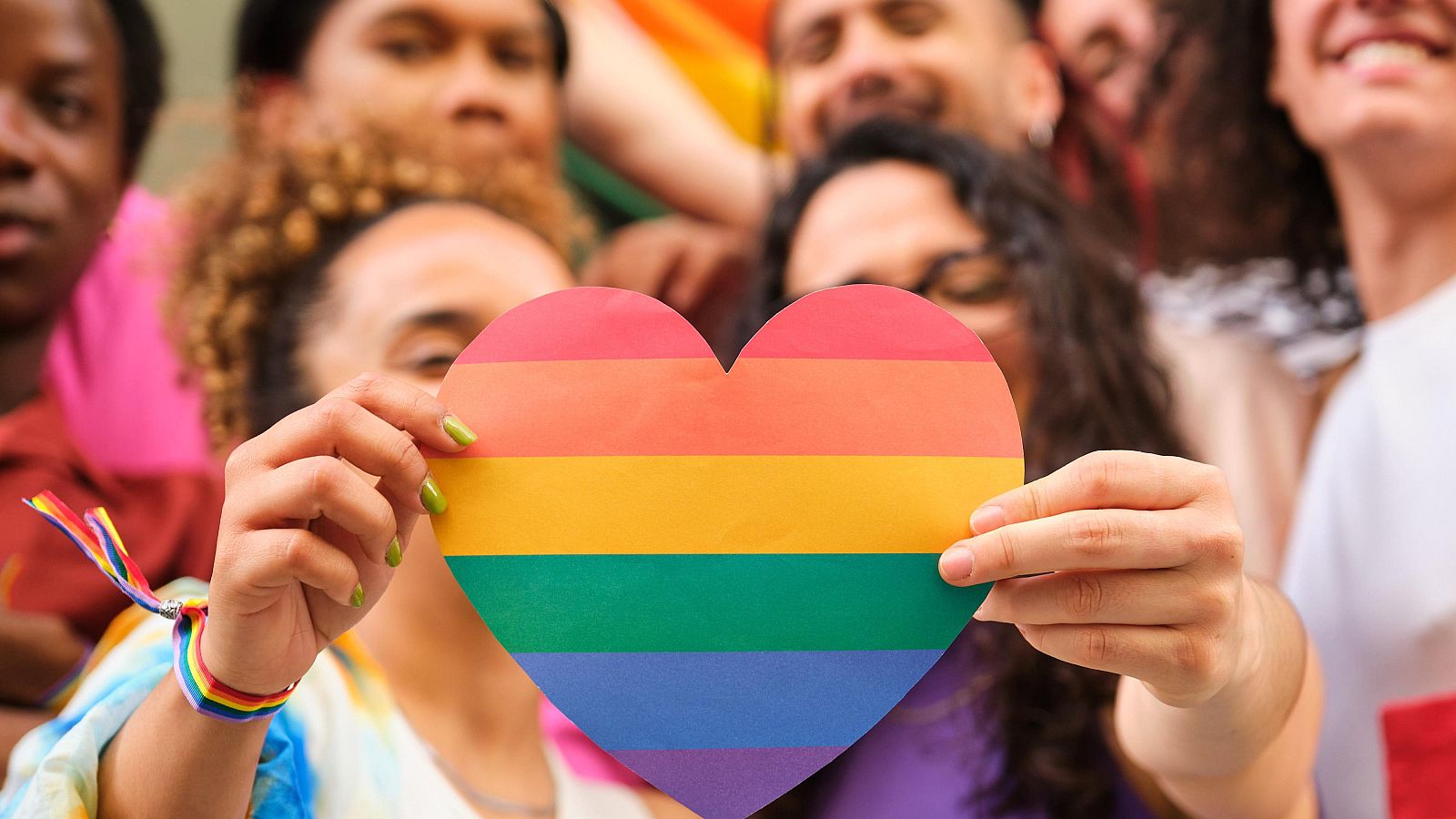 Educar en diversidad: una obligación legal que avanza lentamente | Ver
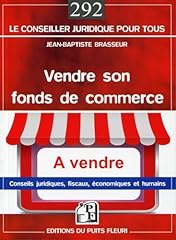 Fonds commerce mode d'occasion  Livré partout en Belgiqu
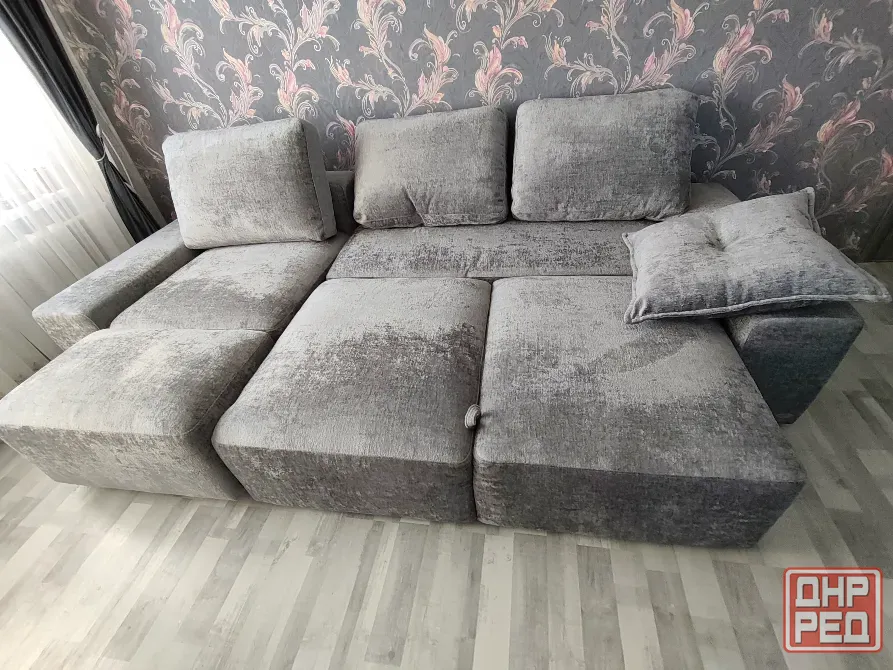 Продам диван унловой Донецк - изображение 3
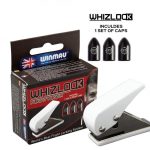 Winmau Whizlock Flight Punch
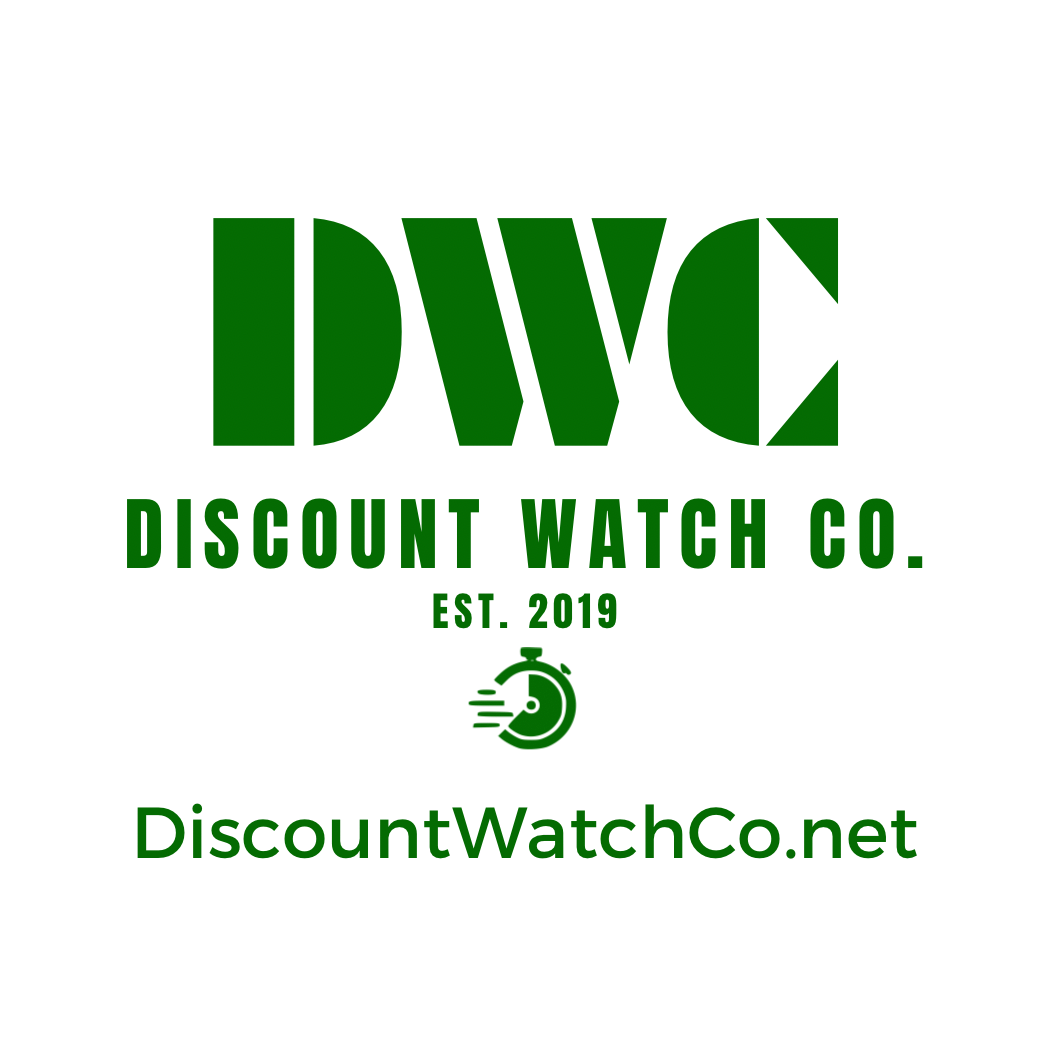 Discount Watch Co Gift Card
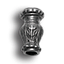 [NUFI1319212] NUDO DE FIERRO COLADO MEDIO LARGO DE 1/2  PARA REDONDO
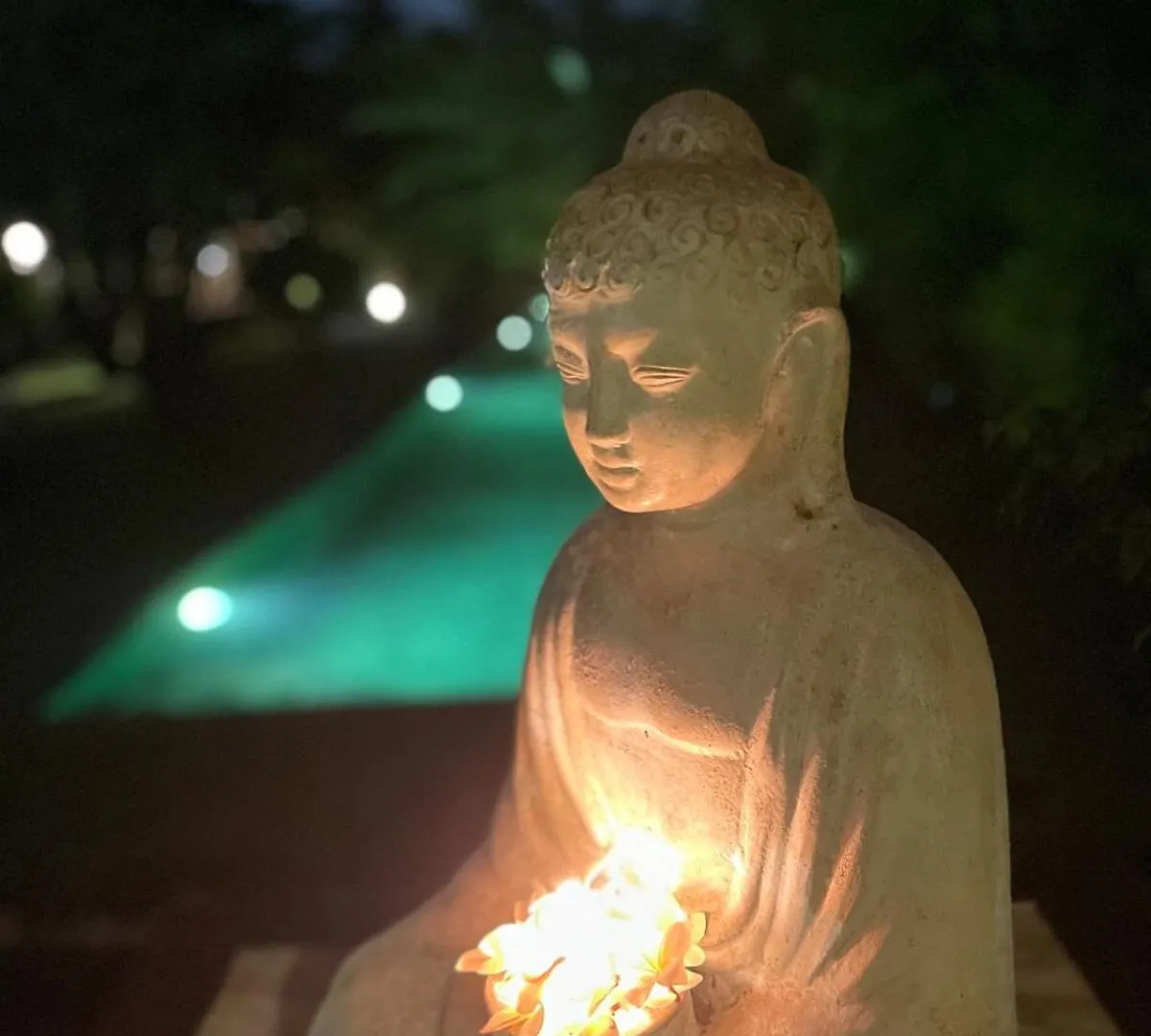 Large Private Villa, Central Seminyak, Bali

* * *

## Problem
The copy should begin at the line containing "Discount Watch Co Gift Card" and end at the last line of the data above; please restate those lines word for word without the pictures.

## Written response
 Discount Watch Co Gift Card
 [NUFI1319212] NUDO DE FIERRO COLADO MEDIO LARGO DE 1/2  PARA REDONDO
 Large Private Villa, Central Seminyak, Bali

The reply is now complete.